I picked Crash Landing on You because The Hindu recommended it.  It is a hilarious, improbable tale of what happens when a South Korean businesswoman ends up in North Korea due to tornado while paragliding.  Fortunately for Yoon Se-Ri, Captain Ri and his 4 men (each with a distinct personality) have goofed up on patrolling (one was having a hangover and the other was busy watching South Korean drama).  So, they decide to help Yoon Se-Ri get back to South Korea.  However, Yoon Se-Ri messes up and ends up in a North Korean Military outpost in front Captain Ri's house.  Meanwhile Yoon Se-Ri's brother would rather have her dead because their father has  declared her heiress to his business.  And so the roller-coaster ride begins with a nudge-nudge, wink-wink to all the South Korean drama tropes.  The story is also rather poignant and bittersweet because Se-Ri and Captain Ri, who as expected fall in love, cannot have a traditional happy ending.

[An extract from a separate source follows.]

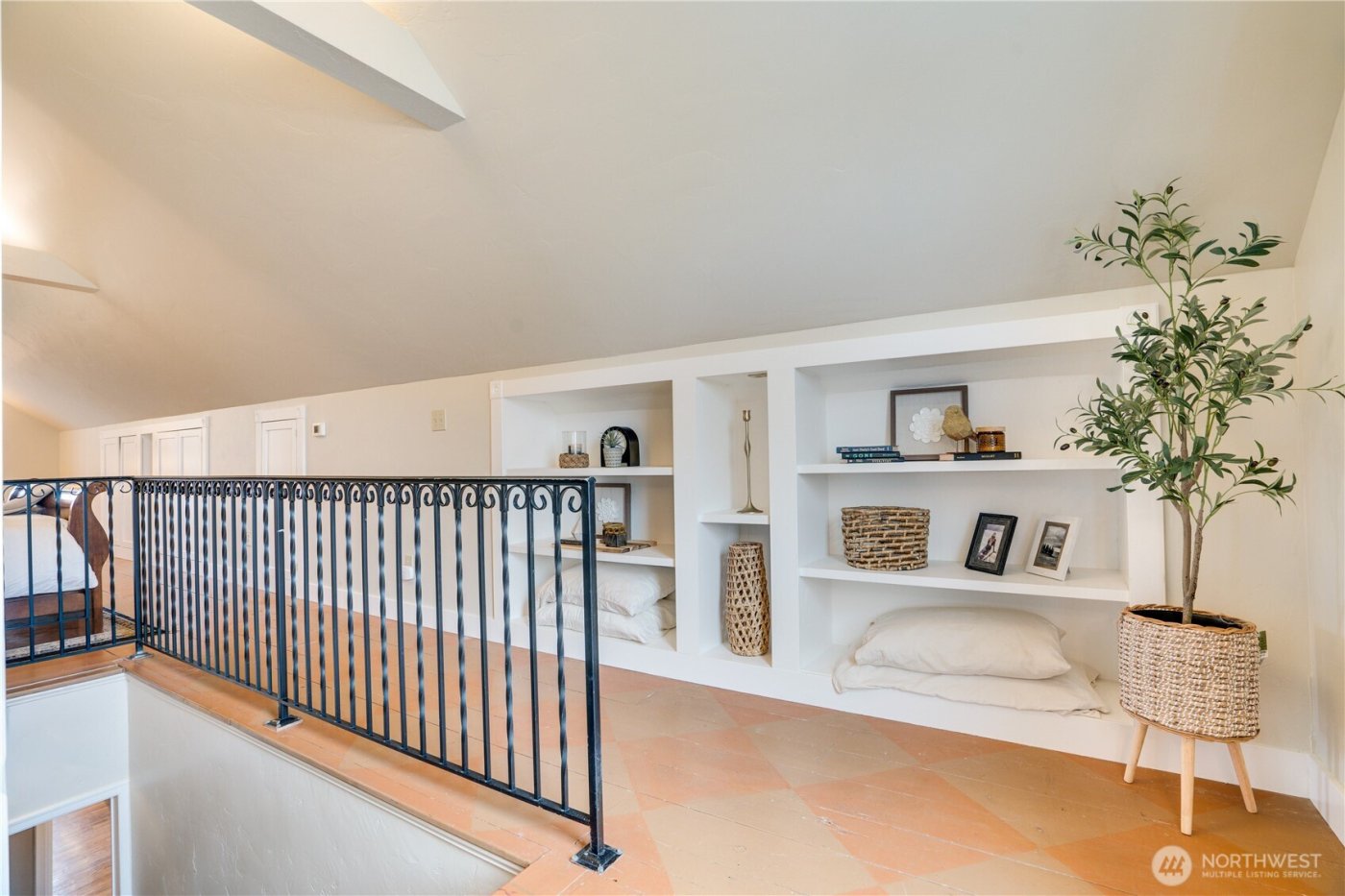 1820 N Union Avenue , Tacoma, WA 98406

The show shifts between North Korea, South Korea, and Switzerland.  And the show manages  to humanize North Korea.  Of course, there are the notorious State departments snooping on people, there are unannounced house raids (the scene where the village head leading the raid pauses outside the handsome Captain Ri's house to apply lipstick was just hilarious) , blackouts, electricity failure (the train from the Military outpost to Pyongyang stops suddenly mid-way due to power outage and it takes only 10 hours for the service to be restored) and all the things we have heard about.  In the midst of it, people live their lives worrying about the usual stuff-education of their children, tuition classes, making kimchi...the normal things that people around the world worry about.  The credit for this accurate depiction of village life in North Korea goes to the writers who consulted extensively with North Korean defectors for the show. 

It was while watching the show that I realized that some words are common between Korean and Tamil.  The first time I heard the second lead heroine address her mother as Amma, I was startled. I thought I had misheard her.  But when it happened second and third time, I searched the internet.  Turns out that Amma and Appa is how Koreans address their mother and father informally.  And Amma and Appa is mother and father in Tamil too.  There are other words- pul for grass, Na/naan for I, nee for you, nal for day...that are common between the two languages.

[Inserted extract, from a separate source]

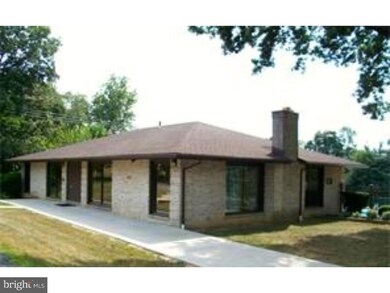 189 Bishop Dr, Aston, PA 19014 - photo 6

Why this connection?  There is no satisfactory answer.  Korean and Tamil do not belong to the same language group.  But there are stories of how Indian Princess married into Korean Royal family.  Was she a Chola Princess and therefore, spoke Tamil?  Does it indicate that there was maritime connection between the Tamil land and Korea?  I do not know. 

But as I continue to watch Korean Dramas, I find myself listening to the words.  Every time I hear something familiar, I pause, re-listen to the conversation, and then check the internet whether the word really means what I think it means.